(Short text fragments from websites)
--------------------------------

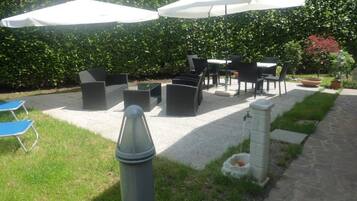 Een buitenzitplaats met tafels, stoelen, parasols en een prullenbak.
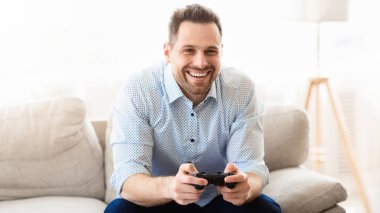 Genç adam evde video oyunu oynuyor. Koltuğunda elinde joystickle oturan mutlu adam.
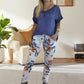 Set din două piese pentru femei - top de culoare solidă și pantaloni casual imprimați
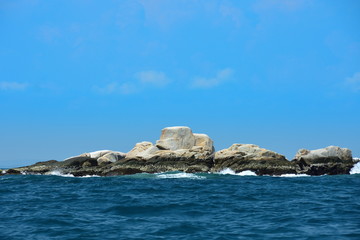 The background of a large rocky island in the blue sea and a blue sky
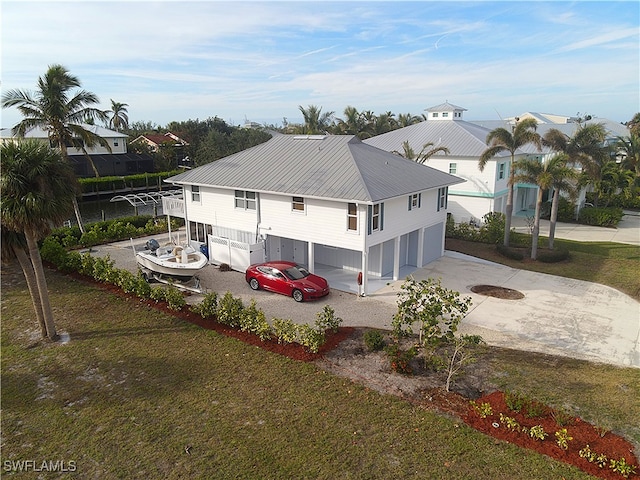 view of home's exterior featuring a yard and a garage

--------------------------------

Your answer should reproduce every line of the data verbatim and include no images.

 Een buitenzitplaats met tafels, stoelen, parasols en een prullenbak.
 Genç adam evde video oyunu oynuyor. Koltuğunda elinde joystickle oturan mutlu adam.
 Set din două piese pentru femei - top de culoare solidă și pantaloni casual imprimați
 The background of a large rocky island in the blue sea and a blue sky
 view of home's exterior featuring a yard and a garage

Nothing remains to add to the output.